● **WORK ORDER**
Print word for word whatever lies between the first line of the material and the line holding "Hello, this is", both included, and omit all pictures.

● **MATERIAL PROVIDED**
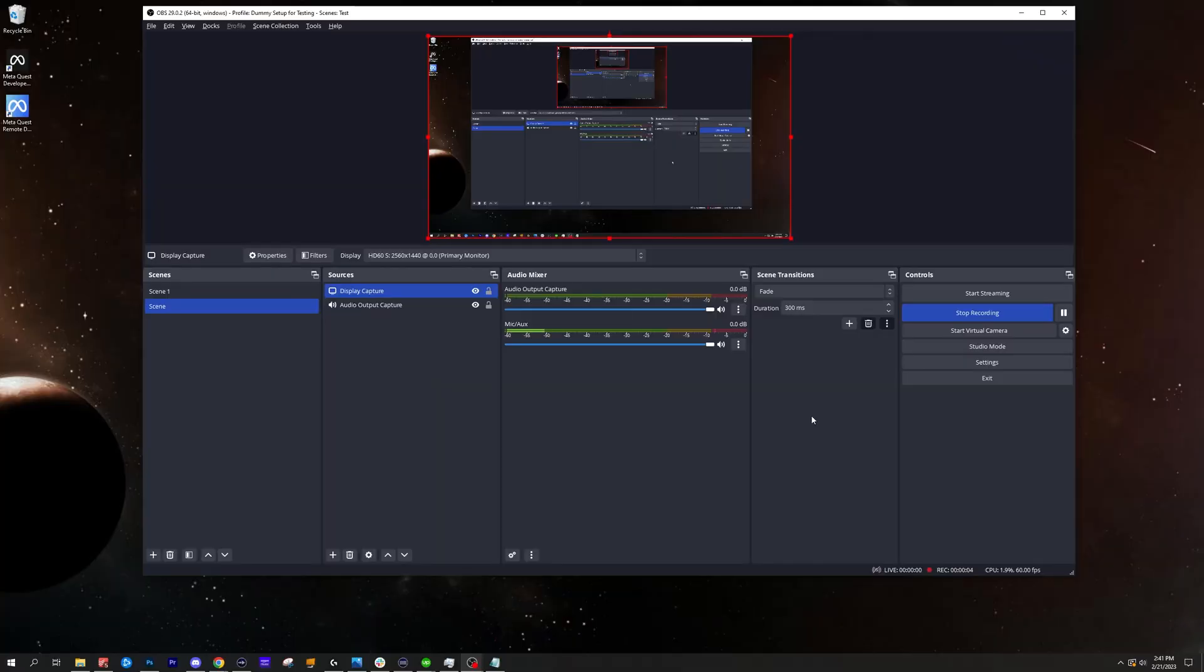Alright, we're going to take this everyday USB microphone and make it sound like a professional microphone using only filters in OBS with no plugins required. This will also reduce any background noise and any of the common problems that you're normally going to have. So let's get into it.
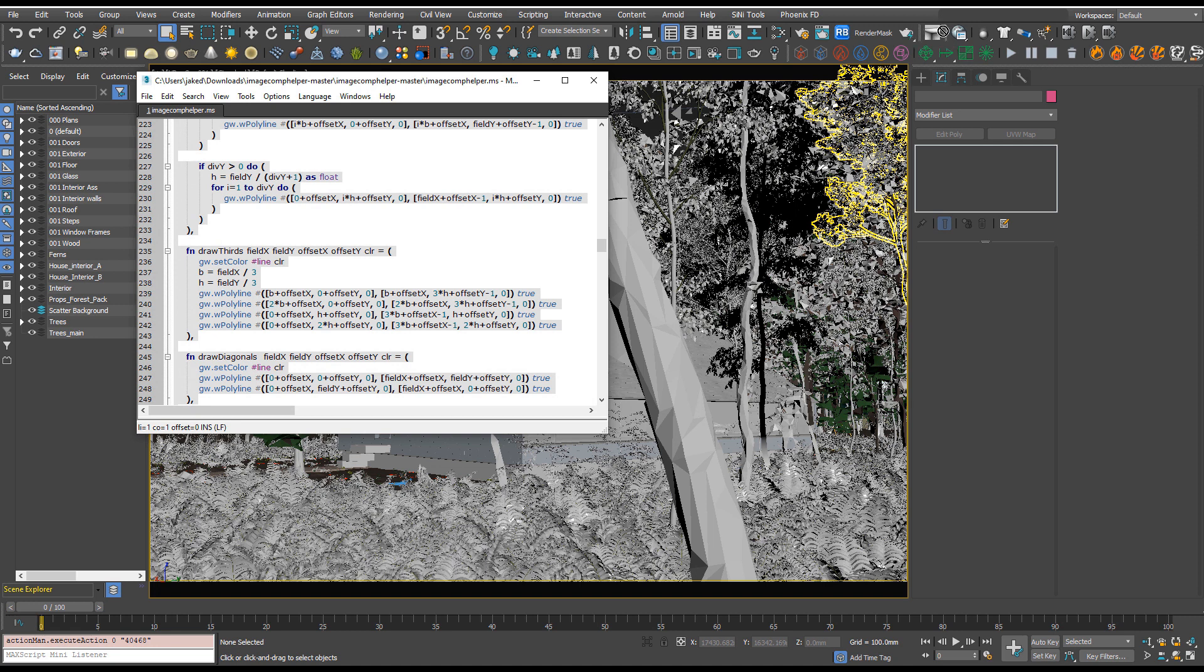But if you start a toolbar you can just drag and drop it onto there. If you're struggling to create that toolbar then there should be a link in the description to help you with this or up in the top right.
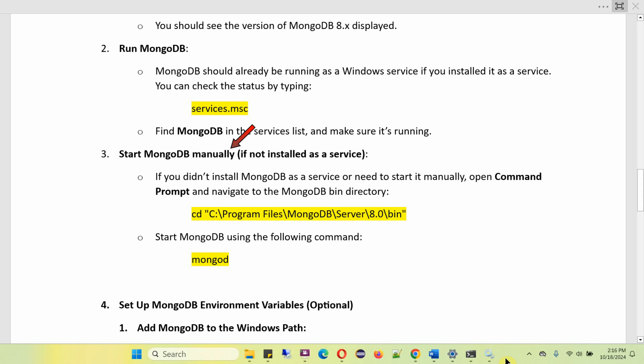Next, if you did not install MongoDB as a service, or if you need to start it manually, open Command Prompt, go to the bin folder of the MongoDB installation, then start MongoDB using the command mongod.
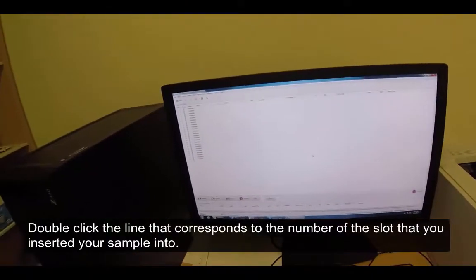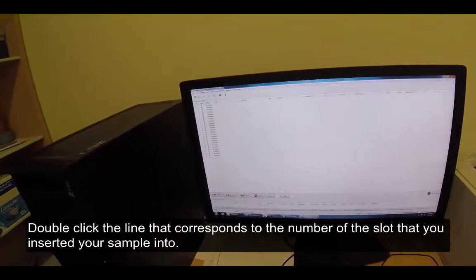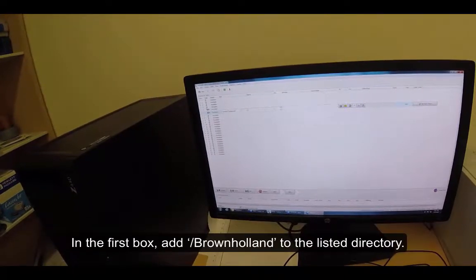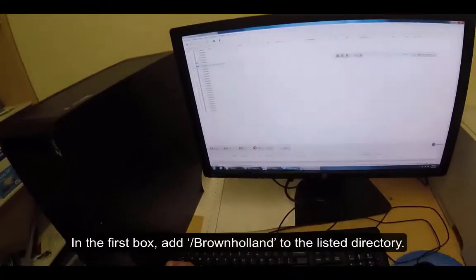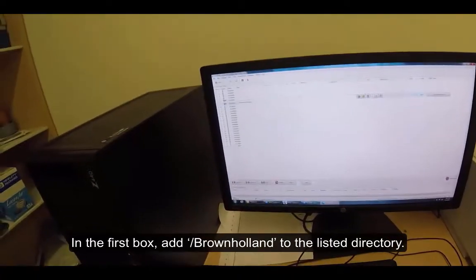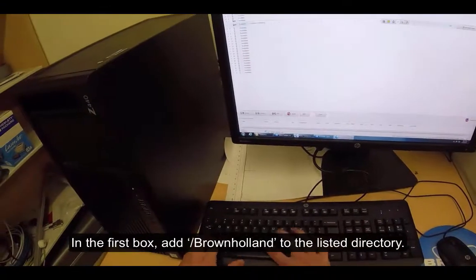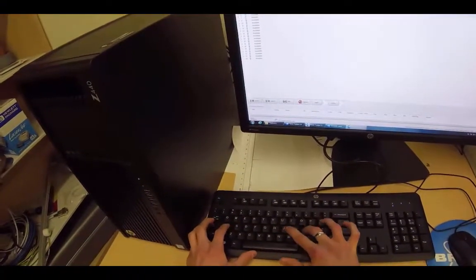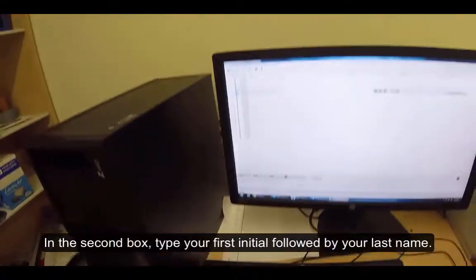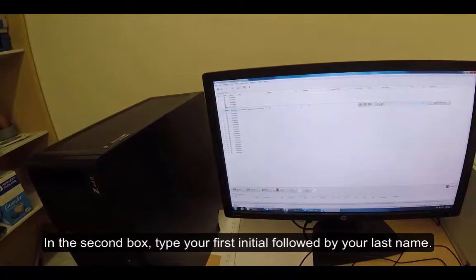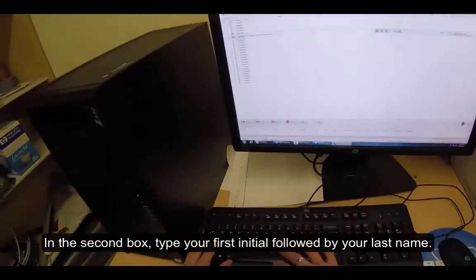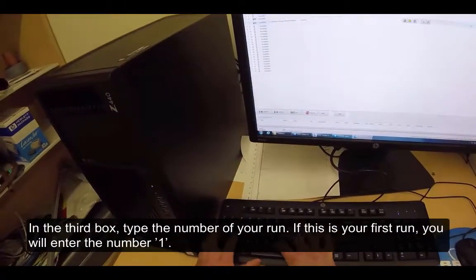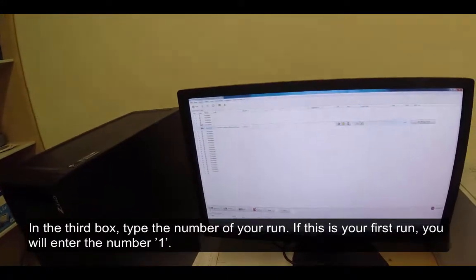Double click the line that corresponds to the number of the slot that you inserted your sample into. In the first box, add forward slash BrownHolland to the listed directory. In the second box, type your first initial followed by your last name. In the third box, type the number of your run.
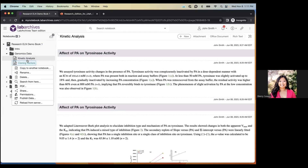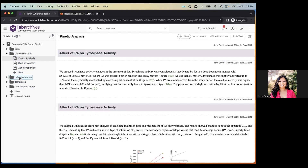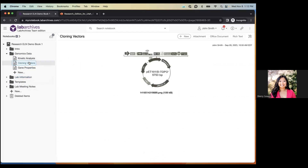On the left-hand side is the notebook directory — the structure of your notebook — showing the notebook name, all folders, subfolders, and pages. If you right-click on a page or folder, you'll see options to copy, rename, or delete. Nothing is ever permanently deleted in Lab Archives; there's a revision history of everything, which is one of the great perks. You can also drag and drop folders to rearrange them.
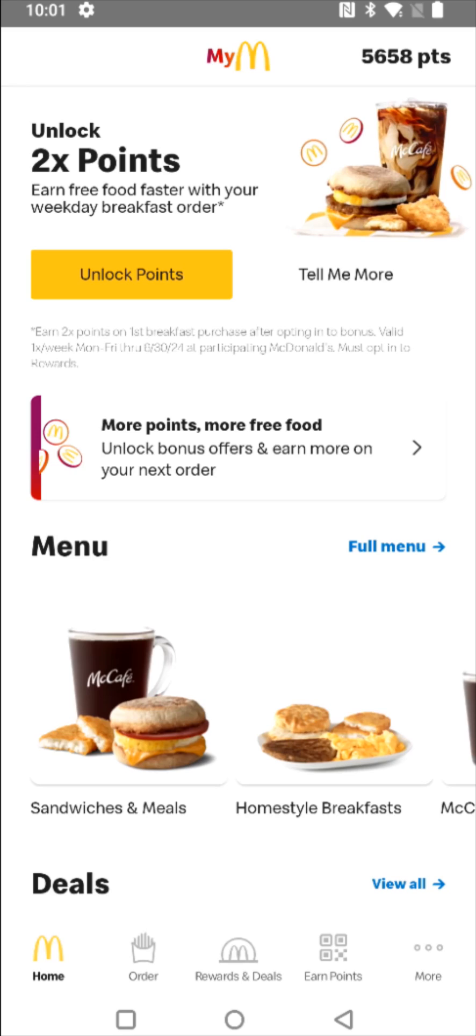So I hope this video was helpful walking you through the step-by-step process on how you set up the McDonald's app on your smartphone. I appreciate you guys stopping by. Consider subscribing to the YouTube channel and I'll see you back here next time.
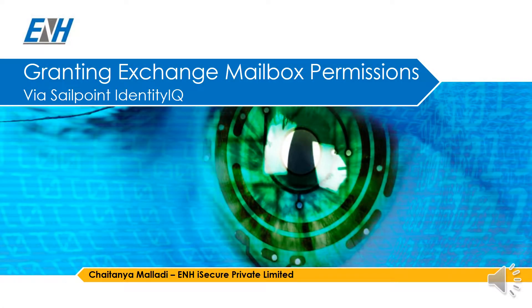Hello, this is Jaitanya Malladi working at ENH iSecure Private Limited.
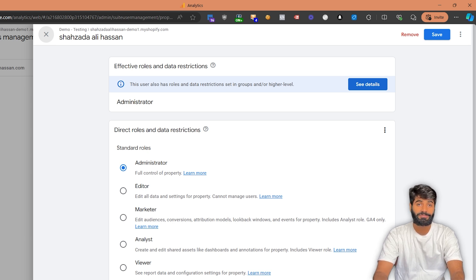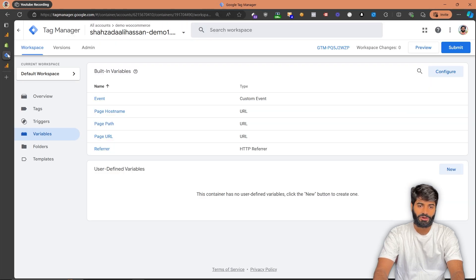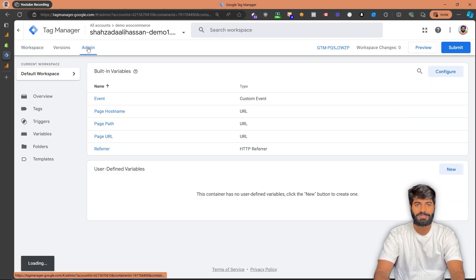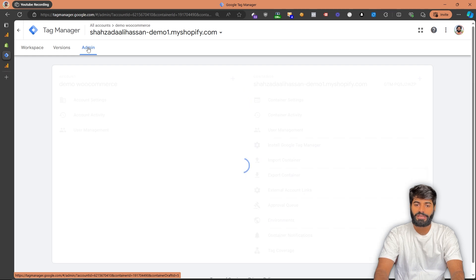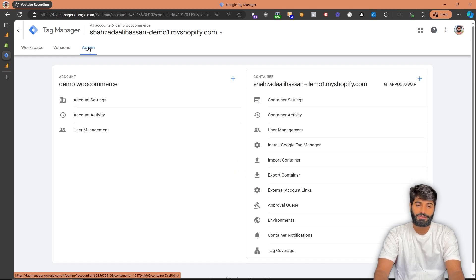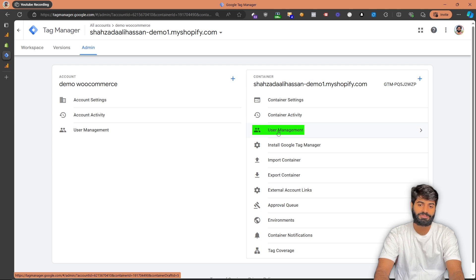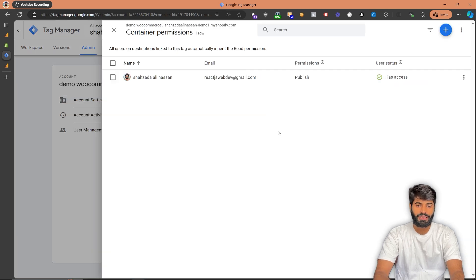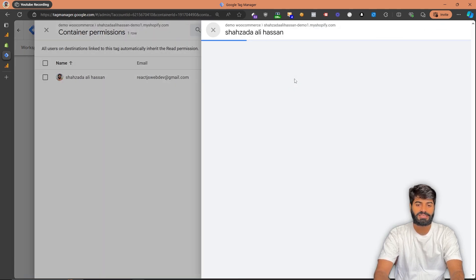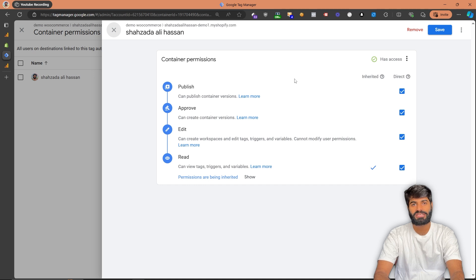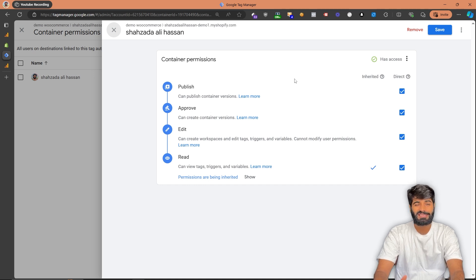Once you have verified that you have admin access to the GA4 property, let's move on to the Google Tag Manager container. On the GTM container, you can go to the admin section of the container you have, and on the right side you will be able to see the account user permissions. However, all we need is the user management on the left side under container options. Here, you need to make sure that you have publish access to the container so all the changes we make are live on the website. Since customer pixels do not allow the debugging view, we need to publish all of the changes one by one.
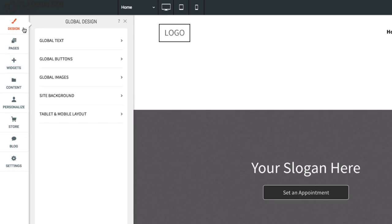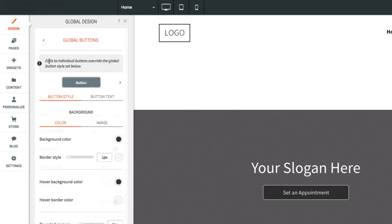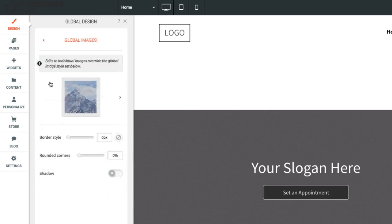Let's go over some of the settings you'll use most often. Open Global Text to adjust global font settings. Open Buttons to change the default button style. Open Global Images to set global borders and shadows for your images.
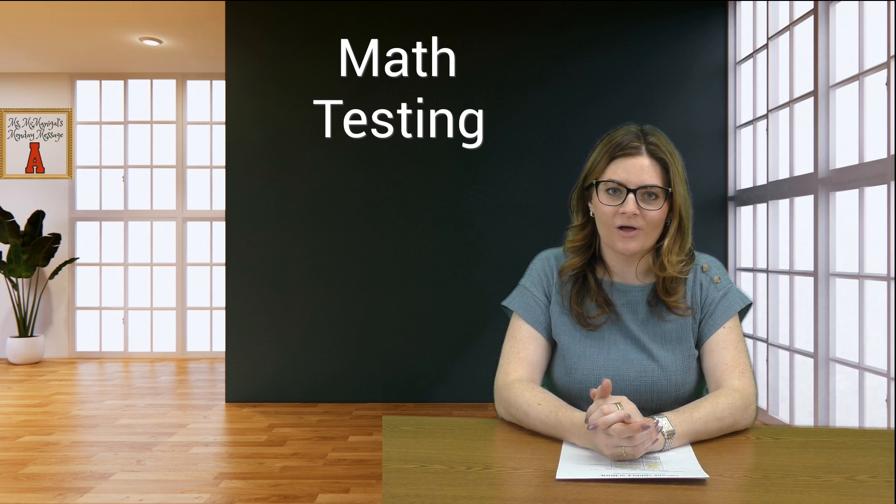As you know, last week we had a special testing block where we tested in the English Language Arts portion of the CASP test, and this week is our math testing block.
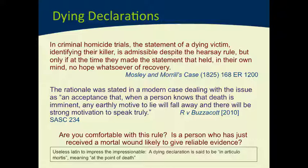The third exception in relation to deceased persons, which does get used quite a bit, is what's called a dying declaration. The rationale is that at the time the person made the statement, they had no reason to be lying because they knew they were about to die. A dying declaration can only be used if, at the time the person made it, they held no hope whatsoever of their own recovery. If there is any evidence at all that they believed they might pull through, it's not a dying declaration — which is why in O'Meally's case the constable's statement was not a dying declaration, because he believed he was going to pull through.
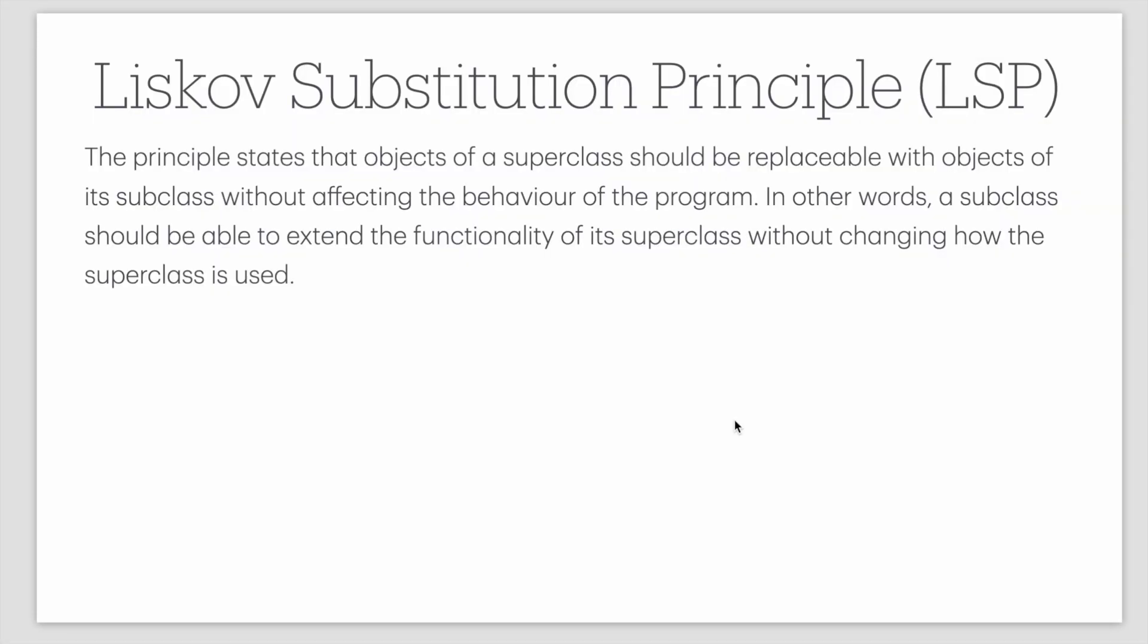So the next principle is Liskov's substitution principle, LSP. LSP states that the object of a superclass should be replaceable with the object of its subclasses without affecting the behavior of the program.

● **FINISHED EXERCISE**
Alright, we're going to take this everyday USB microphone and make it sound like a professional microphone using only filters in OBS with no plugins required. This will also reduce any background noise and any of the common problems that you're normally going to have. So let's get into it.
But if you start a toolbar you can just drag and drop it onto there. If you're struggling to create that toolbar then there should be a link in the description to help you with this or up in the top right.
Next, if you did not install MongoDB as a service, or if you need to start it manually, open Command Prompt, go to the bin folder of the MongoDB installation, then start MongoDB using the command mongod.
Double click the line that corresponds to the number of the slot that you inserted your sample into. In the first box, add forward slash BrownHolland to the listed directory. In the second box, type your first initial followed by your last name. In the third box, type the number of your run.
On the left-hand side is the notebook directory — the structure of your notebook — showing the notebook name, all folders, subfolders, and pages. If you right-click on a page or folder, you'll see options to copy, rename, or delete. Nothing is ever permanently deleted in Lab Archives; there's a revision history of everything, which is one of the great perks. You can also drag and drop folders to rearrange them.
So I hope this video was helpful walking you through the step-by-step process on how you set up the McDonald's app on your smartphone. I appreciate you guys stopping by. Consider subscribing to the YouTube channel and I'll see you back here next time.
Hello, this is Jaitanya Malladi working at ENH iSecure Private Limited.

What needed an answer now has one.